Отдельное внимание мы бы хотели уделить Вере – главное героине Екатерины Михалковой, автора сценария и режиссера фильма «Номинация», сыгравшей там главную роль. Автор выстроила личный нарратив фильма по аналогу семейных отношений, которые преломила трижды, используя традиционный принцип матрешки: от жизни к фильму, от фильма к «театру в фильме» и от театра к «фильму в фильме». В ткани кино присутствуют два уже известных нам семиотических приема: «фильм в фильме» (речь идет об «Исходе», авторском фильме героини Веры) и «фильм в театре» (речь идет о спектакле «Король Лир» в Доме ветеранов сцены, где героиня Михалковой ищет массовку). Так же, как и у Хичкока, интертексты в виде появляющейся в кино театральной сцены символизируют места обнажения истины, короткого замыкания знаков, топосы Откровения, двойные кристаллы, помогающие при помощи Воображаемого в тексте пьесы деконструировать Воображаемое в жизни и открыть истину, скрытую под спудом бессмысленного перформанса повседневного существования героев фильма.
Примечательно, что в политической оптике нарратив Веры открывается как избыток (символом которого является трек «Редкая птица» Дианы Арбениной) по отношению к крайностям либерализма и консерватизма. Героиню не устраивают ни патриотический лубочный сюжет предложенного ей фильма, ни типично постмодерная сюжетная линия «модных» фильмов ее либеральных коллег: ни смешная трагедия пафоса, ни трагическая комедия черного юмора. Она делает выбор в пользу самости, аутентичности, подлинности, высокой трагикомедии любви, проявляя онтологическое упрямство Антигоны и уже упомянутой, в контексте «театра в фильме» как места истины, героини Шекспира – Корделии – по отношению к своему Отцу, знаменитому режиссеру. Последний представлен в фильме как буквально и фигурально мертвый Отец традиции (папа Веры умер, его место занимает мать – Трикстер, сама фигура отца превращена «тусовкой» в значимое отсутствие). Но богооставленность не уничтожает героиню, поначалу желавшую эмигрировать на Запад, а только способствует осуществлению Верой кенотического поступка экзистенциального абсурда, поступка веры вопреки бессмысленности бытия, настоящего акта творчества.
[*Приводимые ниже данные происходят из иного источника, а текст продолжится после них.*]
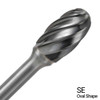 3/4" X 1" Oval Shape Single Flute Carbide Bur Bit SE7NF (Qty. 1)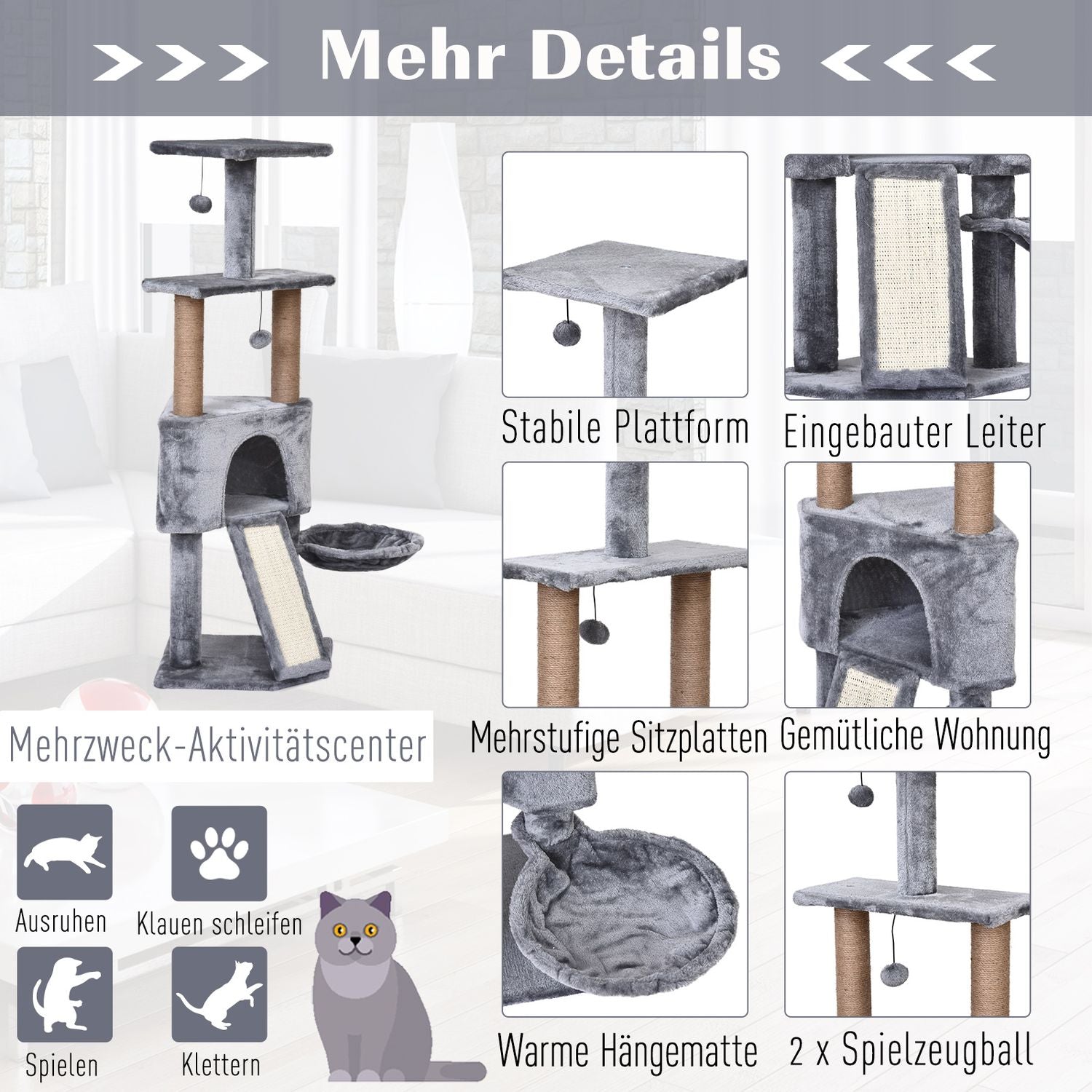 Kattträd, 4-vånings med hängande säng & sisalstolpar, grå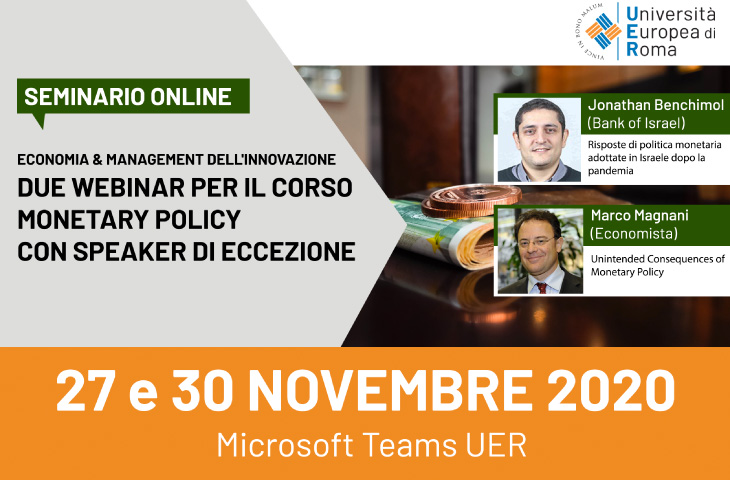 Due Webinar per il corso Monetary Policy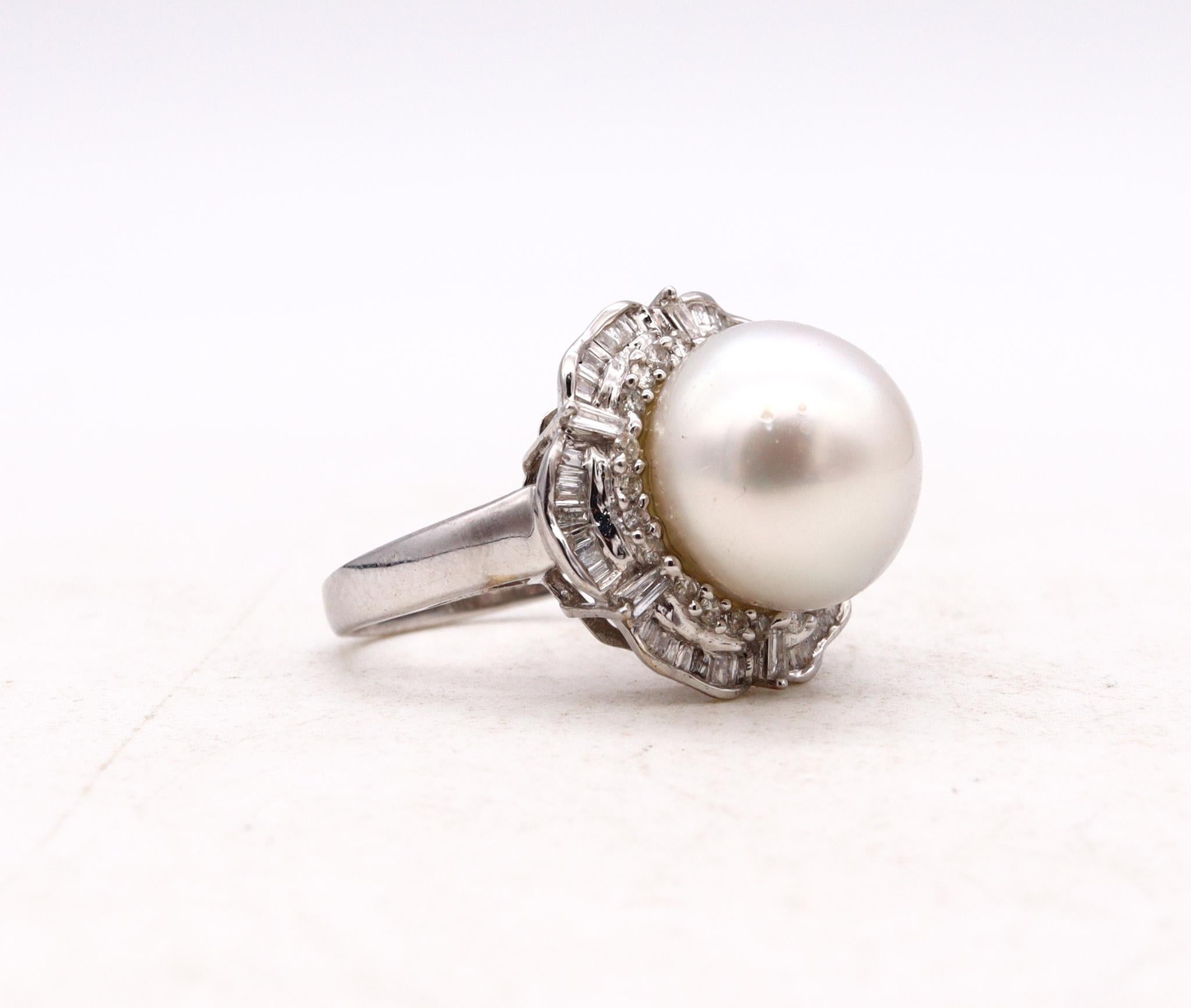 Italian Modern Classic Cocktail Ring In 18Kt Gold 1.21 Cts Diamonds White Pearl For Sale 1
Таким образом, новый образ человека будущего, уже просматриваемого в современном российском кино, субъекта как представителя неомодерна видится нами в коннотациях морального подвига. Пройдя искушение либеральной иронией, такой человек будет способен принудительно прервать эстетический дискурс и совершить однозначный выбор, проявив мужество в сфере произвольного этоса. Это и есть подчинение и смирение в возвращении к Богу – свобода как осознанная необходимость. В её основе лежит принятие правоты Отца и молитва о прощении и направлении, независимо от того, представляет Отец номинации или нет, включая ситуацию кажущейся богооставленности, – а также готовность служить Ближнему и творить истинное событие в совместной с ним истории. Чтобы осуществить подобный поступок, необходимо пройти свой личный кенозис, артикулировать par excellence базовую травму и, отталкиваясь от неё, перестроить свою субъектность самому (самость!), без посторонней помощи.
5.8. Сцена
В ходе наших размышлений мы подошли к эстетическому вопросу, который не решается однозначно: это вопрос о соотношении жизни художника и его художественного текста в классическом искусстве и в искусстве постмодерна. Что первично: жизнь или текст?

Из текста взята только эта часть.